To investigate the effect of overexpressed CD39/NTPDase-1 in injured aorta.
Using adenoviral-mediated gene transfer we expressed CD39/NTPDase-1 in mechanically denudated rat aortas. We measured intima formation by morphometry and VSMC proliferation by the [(3)H]-thymidine incorporation assay.
Targeted expression of CD39 in injured vessels increased NTPDase activity (from 2.91 +/- 0.31 to 22.07 +/- 6.7 nmols Pi mg(-1) protein, 4 days after exposure to the adenovirus) and prevented the formation of neointima. The thickness of the intimal layer in injured aortas exposed to Ad-CD39 was 26.2 +/- 3.9 microm vs. 51.8 +/- 6.1 microm and 64.4 +/- 22.2 microm (P < 0.001) in vessels treated with Ad-beta-gal and saline, respectively. Moreover, targeted expression of CD39/NTPDase-1 caused a 70% (P < 0.01) decrease in proliferation of VSMC isolated from transduced rat aortas as compared with VSMC derived from control vessels.

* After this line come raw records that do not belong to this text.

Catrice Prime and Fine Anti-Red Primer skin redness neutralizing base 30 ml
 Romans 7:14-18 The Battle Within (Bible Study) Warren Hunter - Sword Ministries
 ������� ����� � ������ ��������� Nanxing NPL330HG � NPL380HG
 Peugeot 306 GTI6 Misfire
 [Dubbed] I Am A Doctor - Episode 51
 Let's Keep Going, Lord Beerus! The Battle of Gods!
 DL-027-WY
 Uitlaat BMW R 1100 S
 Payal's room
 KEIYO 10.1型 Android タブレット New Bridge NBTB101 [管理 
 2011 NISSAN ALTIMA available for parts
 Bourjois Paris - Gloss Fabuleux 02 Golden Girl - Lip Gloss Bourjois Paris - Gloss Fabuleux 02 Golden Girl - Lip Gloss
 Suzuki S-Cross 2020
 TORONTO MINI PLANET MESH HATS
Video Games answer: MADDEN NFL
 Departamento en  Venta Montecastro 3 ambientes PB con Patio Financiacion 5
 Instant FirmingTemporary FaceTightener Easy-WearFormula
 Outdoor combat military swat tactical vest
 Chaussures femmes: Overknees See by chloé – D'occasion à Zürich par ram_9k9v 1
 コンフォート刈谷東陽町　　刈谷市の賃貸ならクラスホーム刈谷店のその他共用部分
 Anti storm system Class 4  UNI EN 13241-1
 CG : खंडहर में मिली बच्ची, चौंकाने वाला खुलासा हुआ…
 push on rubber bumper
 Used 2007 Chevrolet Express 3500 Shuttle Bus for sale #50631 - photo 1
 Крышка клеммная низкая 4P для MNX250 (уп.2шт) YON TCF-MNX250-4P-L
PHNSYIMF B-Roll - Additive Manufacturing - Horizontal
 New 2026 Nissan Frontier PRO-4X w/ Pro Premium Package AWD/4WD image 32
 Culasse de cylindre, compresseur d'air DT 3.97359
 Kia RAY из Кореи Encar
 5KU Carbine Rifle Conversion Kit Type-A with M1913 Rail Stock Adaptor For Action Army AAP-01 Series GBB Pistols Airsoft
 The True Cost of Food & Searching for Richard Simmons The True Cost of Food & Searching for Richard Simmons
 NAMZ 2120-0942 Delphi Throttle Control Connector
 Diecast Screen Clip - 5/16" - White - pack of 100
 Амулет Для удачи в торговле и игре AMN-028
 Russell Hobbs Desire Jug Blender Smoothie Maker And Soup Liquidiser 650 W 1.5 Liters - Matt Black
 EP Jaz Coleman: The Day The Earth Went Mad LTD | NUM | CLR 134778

The presented data suggest that increasing CD39/NTPDase-1 activity in VSMC could represent a novel therapeutic approach for the prevention of stenosis associated with angioplasty and other occlusive vascular diseases.
越来越多的证据表明,细胞外核苷酸参与血小板、白细胞、内皮细胞(EC)和血管平滑肌细胞(VSMC)表型及功能的调节。在静止的脉管系统中,细胞外核苷酸被CD39迅速水解,CD39是主要的内皮核苷三磷酸二磷酸水解酶(NTPDase-1)。然而,在受到氧化应激或促炎介质激活的内皮细胞中,以及在球囊损伤后内皮剥脱时,血管CD39/NTPDase-1活性丧失。细胞外核苷酸浓度的相应增加引发信号转导事件,导致促血栓形成反应和VSMC增殖增加。
研究过表达CD39/NTPDase-1对损伤主动脉的影响。
使用腺病毒介导的基因转移,在机械剥脱的大鼠主动脉中表达CD39/NTPDase-1。我们通过形态计量学测量内膜形成,并通过[(3)H]-胸腺嘧啶核苷掺入试验测量VSMC增殖。
在损伤血管中靶向表达CD39可增加NTPDase活性(在暴露于腺病毒4天后,从2.91±0.31增加到22.07±6.7 nmol Pi mg(-1)蛋白),并防止新生内膜形成。暴露于Ad-CD39的损伤主动脉内膜层厚度为26.2±3.9微米,而用Ad-β-半乳糖苷酶和生理盐水处理的血管中分别为51.8±6.1微米和64.4±22.2微米(P<0.001)。此外,与来自对照血管的VSMC相比,靶向表达CD39/NTPDase-1使从转导的大鼠主动脉分离的VSMC增殖减少70%(P<0.01)。
所提供的数据表明,增加VSMC中CD39/NTPDase-1活性可能是预防与血管成形术和其他闭塞性血管疾病相关的狭窄的一种新的治疗方法。